3) The analyses were all performed in 3 week old mice. No developmental changes were captured. The authors should perform in situ hybridization of a few uOR and oOR in early postnatal and adolescent mice. If cell death is the main drive of redistribution of OR expression in the RTP mutant, it would be expected that at early developmental stages the effect is less striking whereas at later stages it is more pronounced.

We carried out our analysis on 1 day old, 21 day old as well as 6 month old mice. We found that the fraction of cells expressing oORs rises dramatically in 6 month old mice compared to 21 day old. We do not observe a rise in the number of OSNs expressing uORs in RTP1,2(-/‑) mice.
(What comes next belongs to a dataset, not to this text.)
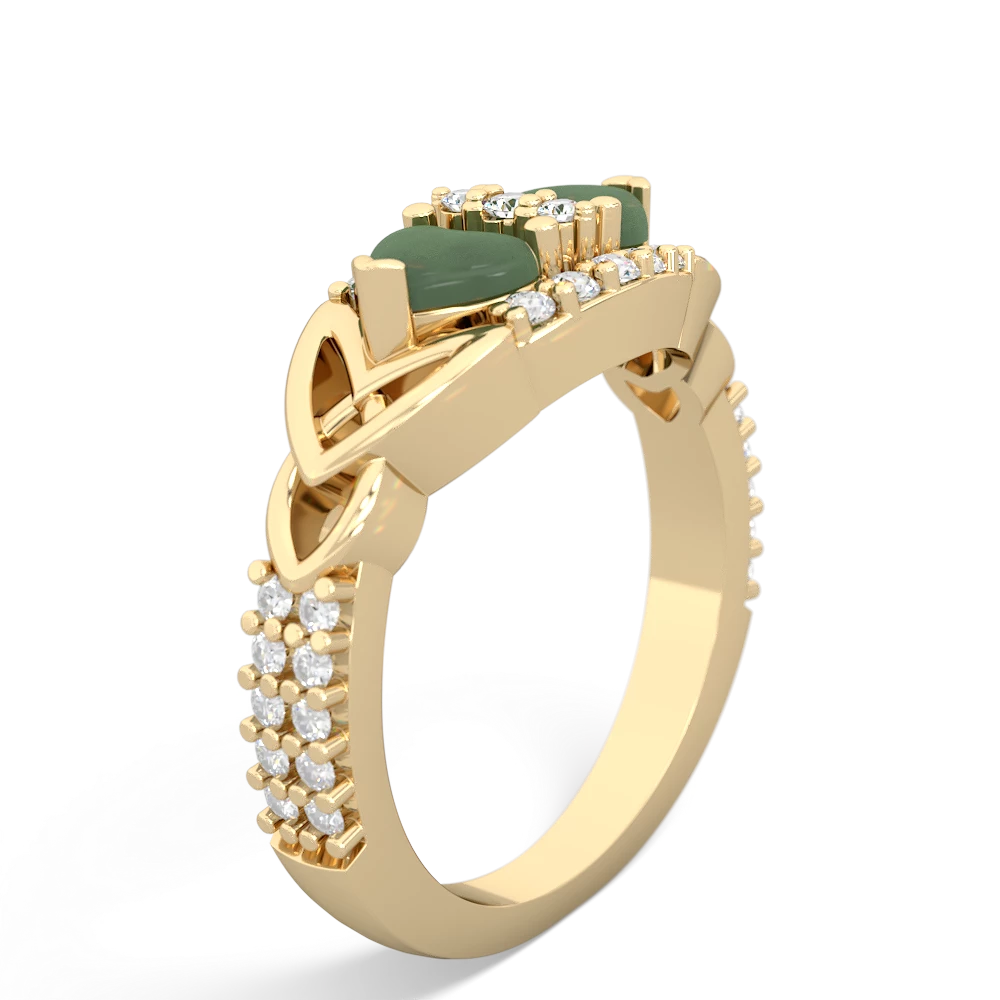 Jade Sparkling Celtic Knot 14K Yellow Gold ring R2645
We observe an increase in the number of wild type OSNs expressing the uORs we tested with age. We believe this is due to the increase in the proportion of mature OSNs in older OEs. This is supported by increasing percentage of the OMP layer with increasing age (Figure 2). We have added our results to the manuscript:

“We wondered what happens to the proportion of OSNs expressing uORs and oORs in RTP1,2DKO mice at different ages. […] However, RTP1,2DKO showed no obvious increase in the fraction of cells expressing these ORs with age, while on the other hand, in RTP1,2DKO the number of neurons expressing oORs showed a dramatic increase both from 1 day old to 21 days and from 21 days to 6 months (p<0.0001 one-way ANOVA, Tukey’s post hoc test) (Figure 5C-D) demonstrating that the RTP1,2DKO OE is progressively populated by oORs.”